Shorebird Recovery Project
Restoring Shorebird Populations and Ecosystems Across the Americas
Imagine that this spring you were born, or hatched actually, as a shorebird—a Red Knot, in fact, of the rufa subspecies. You’re in the Canadian arctic, it’s now early summer, and you’re as big as a small potato but weigh only 5 ounces (same as an iPhone). And, so far, you’ve avoided the many predators that attempt to make you their next meal, day and night. Continue reading...
Purpose
The Shorebird Recovery Project is about more than shorebirds…
The awe-inspiring feats of shorebirds not only capture our imagination and respect, but also sharpen our awareness of just how much their survival depends upon having healthy ecosystems from pole to pole and coast to coast. Ours does too.
Development, contaminants, and disturbance. Loss of habitat. Climate change. Degradation of sources for clean water and nutrient-rich foods. These same threats that are causing drastic declines in shorebird populations—with some species facing extinction in our lifetime— are likewise affecting other species’ well being. Ours too.
But most vulnerable to these threats are shorebirds and other migratory species that continually travel the globe, in rhythm with the changing seasons, for their survival. As such, these remarkable natural athletes serve as sentinels for the health of the very ecosystems that sustain our way of life too.
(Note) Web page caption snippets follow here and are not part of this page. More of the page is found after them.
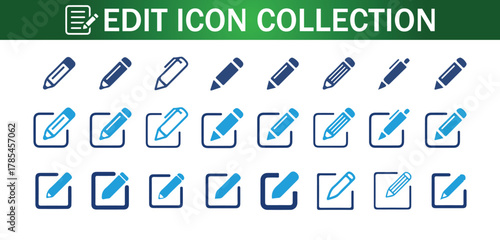 Edit Icon Collection Set. Pen and Pencil Symbols for Interface Design. Vector Illustration 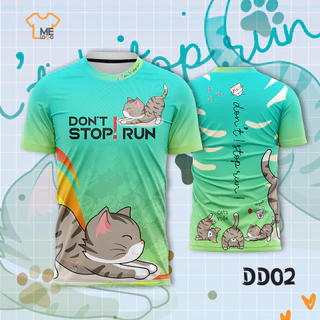 เสื้อวิ่ง DD.01-DD.09 กีฬาผู้ชาย ผู้หญิง พิมพ์ลายทั้งตัว เบาสบายระบายอากาศ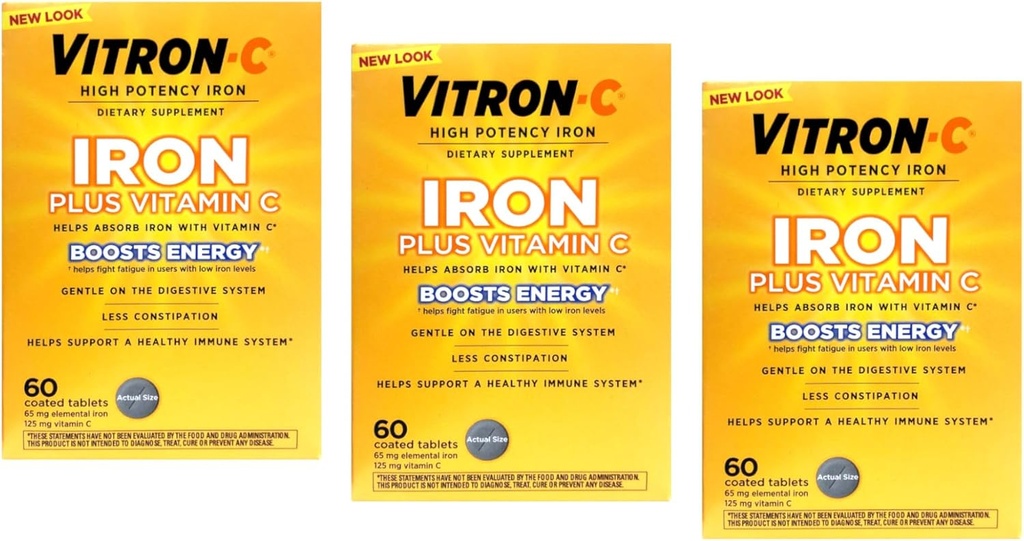 Vitron-C High Potency Iron Supplement met Vitamine C, LimitedQuantity (180 Telt Totaal)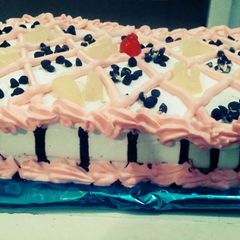 A picture of Cake with chocolate chips.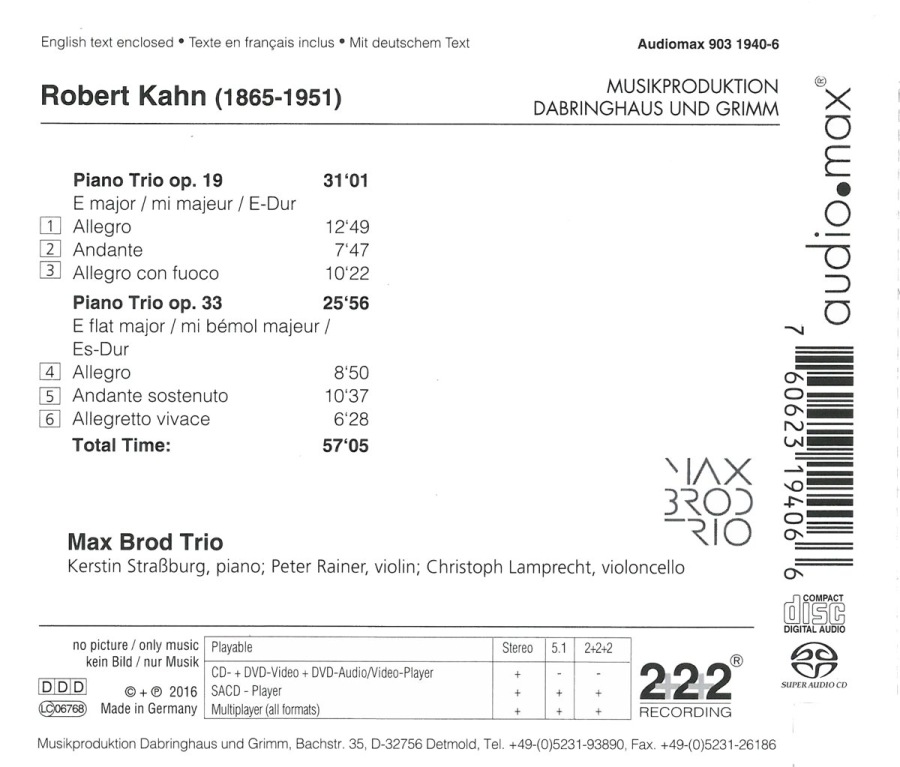 Kahn: Piano Trios op. 19 and 33 - slide-1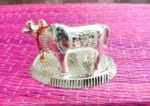Kamadhenu Cow and calf- Silver finish - Image 3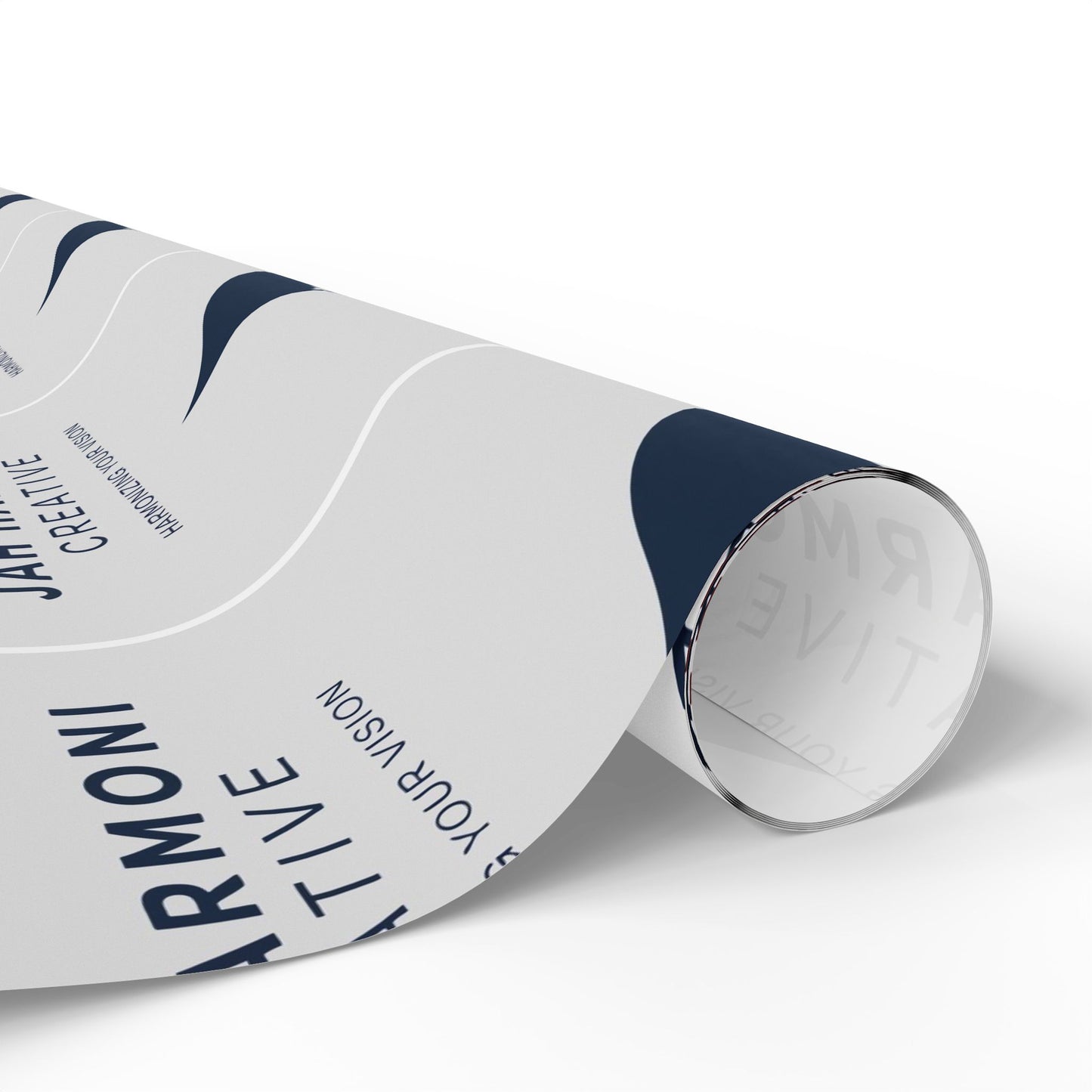 Wrapping Paper Roll — Minimal Navy Wave Pattern with "Harmony! Creative" Text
Their arctic tundra is our First Nation peoples’ subsistence grounds; their interior grasslands are where our farmers raise cattle and crops; their wetlands purify our drinking water, recharge our aquifers, and protect us from flood waters; and their coastal beaches and waters are our places for recreation, tourism, and local and commercial fisheries. Their fate and ours are inevitably one.
Halting the decline of shorebirds is an enormous challenge. It means, in large part, protecting and managing a vast constellation of places dotting the hemisphere where shorebirds go for their survival —from northern breeding grounds to southern wintering grounds and all the resting and refueling sites in between. Thankfully, their most challenging characteristic—migration—is also what serves to connect the places and communities that “share” them throughout the year. It also means conducting more advanced and coordinated research to fill the sizeable gaps in our knowledge still about the size and trend of individual species’ populations, migration patterns, and other critical information.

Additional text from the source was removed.